I often see a lot of hate towards Powerlifting coaches these days. Recently, I stumbled across a Reddit thread from 6 months ago where lifters shared their personal experiences of working with a Powerlifting coach. It seems many had a bad experience and didn’t receive the services that they’d expect. I think the main reason for this is the lifters are going with someone who is a “programmer” and not a professional coach. A “programmer” would be someone who simply sends you numbers on a sheet. They tell you the sets, reps, and weight to do and you perform them. That isn’t what a Powerlifting coach should be!
A Powerlifting coach should be all-encompassing, they should be involved in every aspect of getting the lifter to their goals. In addition, they should be helping the lifter see goals they may have never been aware of. The reason I added “professional”, is because I believe lifters should be going to someone whose career is being a coach. They shouldn’t expect to get the same quality coaching from someone who is doing it for fun, on the side, after working their normal 40–60 hour a week job. Here are some things you should expect from your Powerlifting coach beyond just numbers on a sheet.
Technical efficiency is very important to the sport of Powerlifting and maximizing 1 rep max strength. Not only is it important to maximize force transfer into the bar but also minimize injury. Being injured can set you back further than any mediocre program or nutrition plan, so it’s important that a lifter picks a coach who is knowledgeable in basic human anatomy and the mechanics of each of the competition lifts. In addition to knowing the basic guidelines for competition lifts for all people, a coach should also have the ability to adjust the various variables for your height, weight, limb lengths, musculature, flexibility, and injury history.
Choosing a Weight Class
Powerlifting isn’t about being in the lowest weight class possible, though many seem to think that way.
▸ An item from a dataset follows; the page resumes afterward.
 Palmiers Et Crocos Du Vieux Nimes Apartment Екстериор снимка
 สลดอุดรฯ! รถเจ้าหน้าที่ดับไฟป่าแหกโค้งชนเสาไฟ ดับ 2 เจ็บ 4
Many times, a lifter that has moved up a weight class and has been awarded with massive strength gains. In addition, it can sometimes be advantageous to be in a heavier weight class as it may be less competitive. A coach should be able to assess what weight class suits a lifter for the short term and long term. A coach should know the weight a lifter should be cutting from, the competitions a lifter should cut for, and which competitions they shouldn’t. That’s right, you shouldn’t be cutting for every competition!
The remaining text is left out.